When Consumer Reports asked shoppers in a national survey about their haggling habits, only about half said they attempted to negotiate more favorable terms, whether it involved a retailer or service provider.
Those who did try to negotiate were usually rewarded for their pluck, sometimes quite handsomely. Eighty-nine percent of those who dickered—on everything from jewelry to home electronics and vacuum cleaners—were rewarded for their tenacity at least once in the past few years.
So what’s holding so many of us back?
“It comes down to how comfortable people are in their own skin, and their ability to take no for an answer and not feel crushed,” says Steven P. Cohen, president of The Negotiation Skills Co., and author of the book The Practical Negotiator (2013, Career Press).

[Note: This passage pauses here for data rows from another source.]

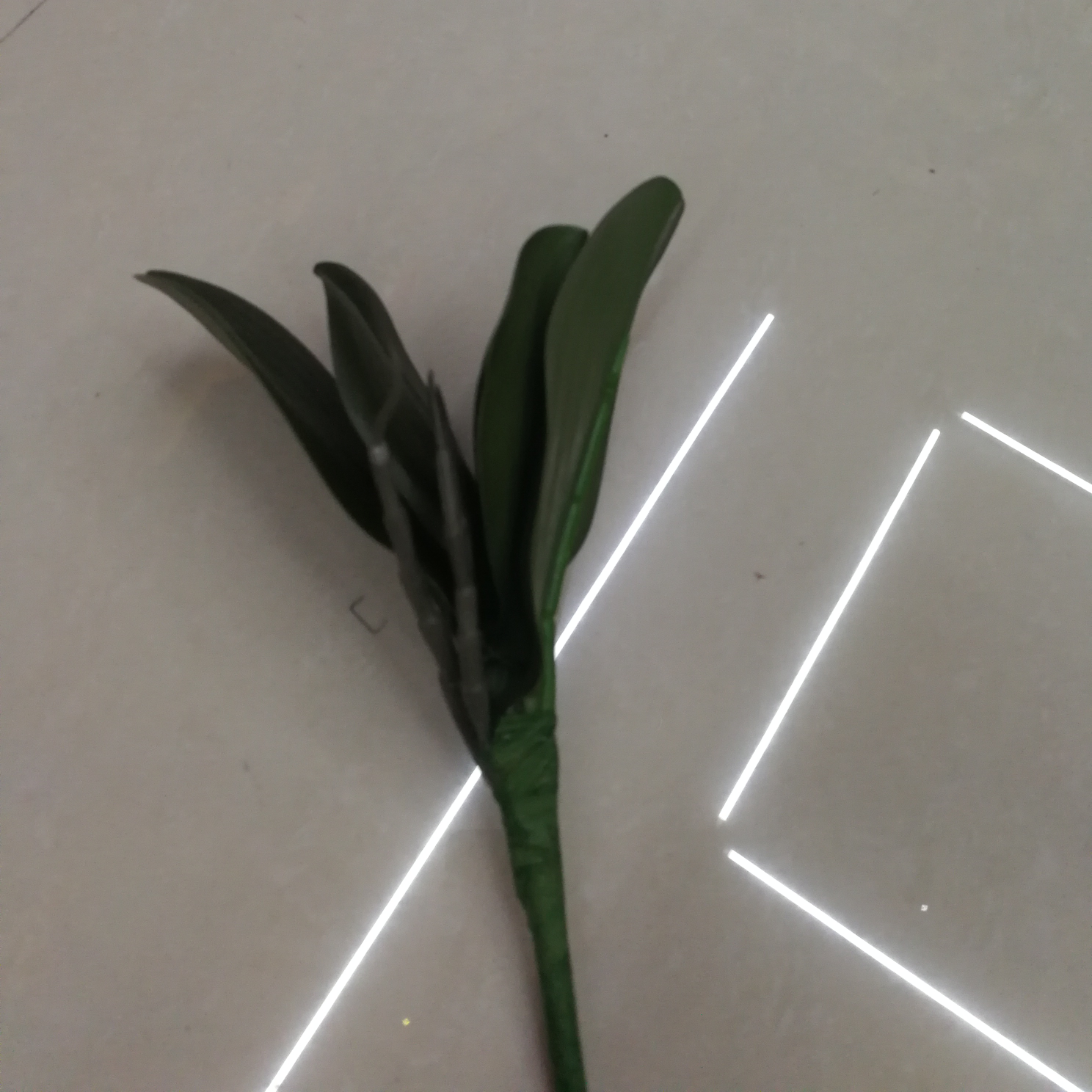 أوراق الذرة
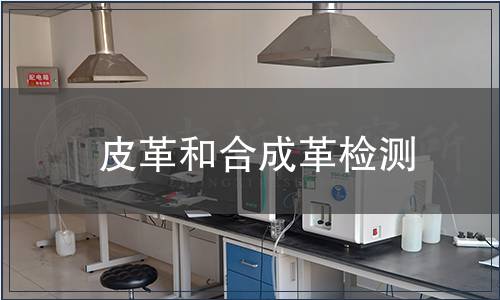 皮革和合成革检测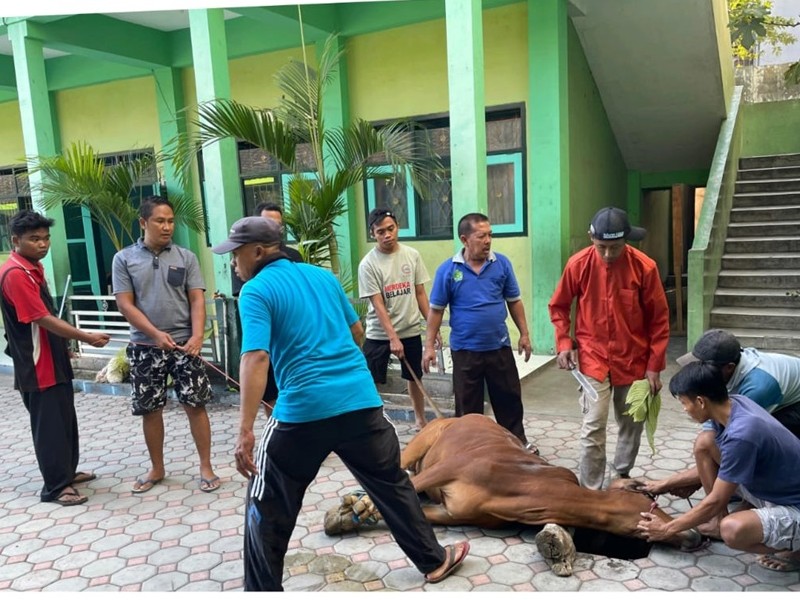 PEMOTONGAN HEWAN QURBAN IDUL ADHA 1446 H SD NEGERI 1 ASEMBAGUS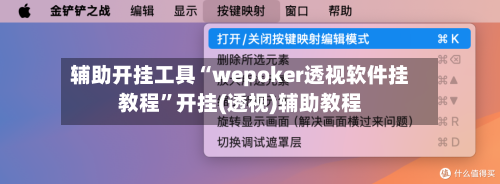 辅助开挂工具“wepoker透视软件挂教程	”开挂(透视)辅助教程-第2张图片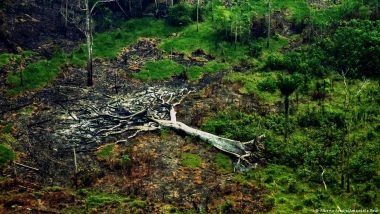 Can Europe Really Preserve Global Forests?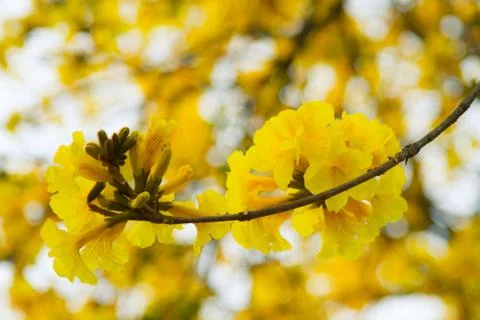 Tree of Gold Stock Photos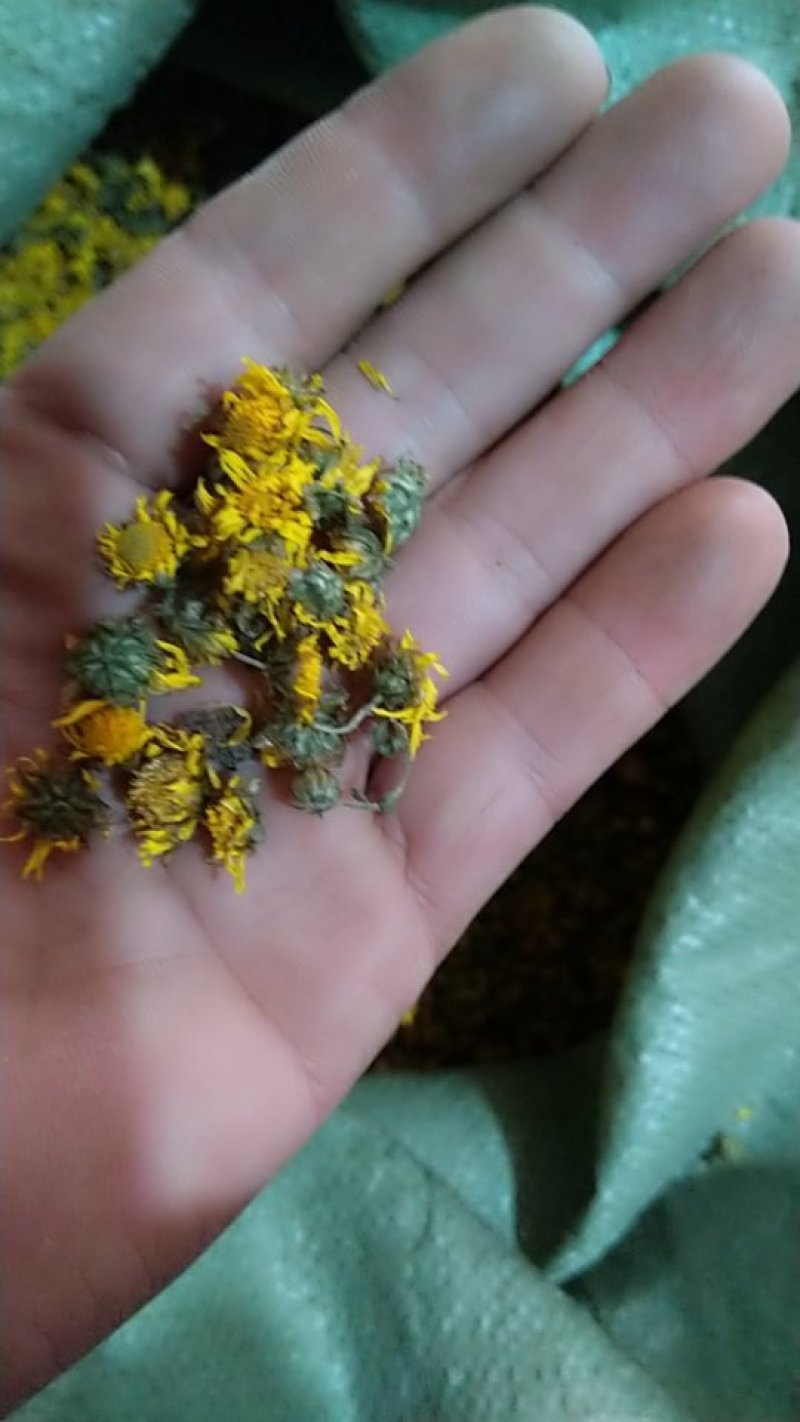 野菊花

Cohen, who received formal training in negotiation and mediation at Harvard Law School, says successful bargaining is easier to achieve face to face because you can “read” a person instantly, pick up on body language, and other cues, and use tools like a smile and humor to break the ice. Ultimately, Cohen says, respect matters more than anything else. “If you don’t treat someone with whom you’d like to make a deal with respect, you’re dooming the process.”
The online world is increasingly open to horse-trading, too. In fact, major e-commerce titans like Amazon and eBay often encourage it.
Amazon has a feature for some collectibles, fine art and even used or refurbished computers that allows shoppers to “make an offer” to buy an item for less than the current price from participating sellers. When you submit an offer, Amazon sends the seller an e-mail with your counter. The seller has 72 hours to respond. If the seller rejects it, he or she can counter, and negotiations can continue. Of course, during this period, another buyer can swoop in and purchase the item at the listed price.
Ebay’s “make a best offer” works similarly. If you see the words below the “buy it now” price or familiar “place bid” option, you can negotiate the price with the seller directly, who’s free to accept, decline, or counter your offer. I’ve had repeated success employing the practice, most recently purchasing a gift pen for one-third less than the Buy It Now price.
Haggling takes various forms and although we may not think of it as negotiating in its purest sense, consumers bargain online all the time, Cohen says. They do it by comparison shopping, sniffing out coupons, taking advantage of meet-or-beat price-matching policies, eyeballing multiple travel sites for the cheapest day of the week or time of day to fly.
When we surveyed hagglers, they identified the most highly effective tactics. Among them: Let the salesperson know you’re comparing prices with those of competitors; establish a personal rapport and schmooze it up with the employee; use store circulars or coupons from other retailers as bargaining leverage; check user reviews to determine a fair price and learn what others had paid for the same item. Here are other expert tips to better the chances of a positive outcome:
Explain why you deserve a break. Negotiation is a two-way street and the seller needs an incentive to bargain. Explain that you’re a loyal customer who likes to shop locally (a good tactic at mom-and-pop stores), or tell the car dealer you intend to bring your vehicle back for servicing so they stand to benefit in the long term.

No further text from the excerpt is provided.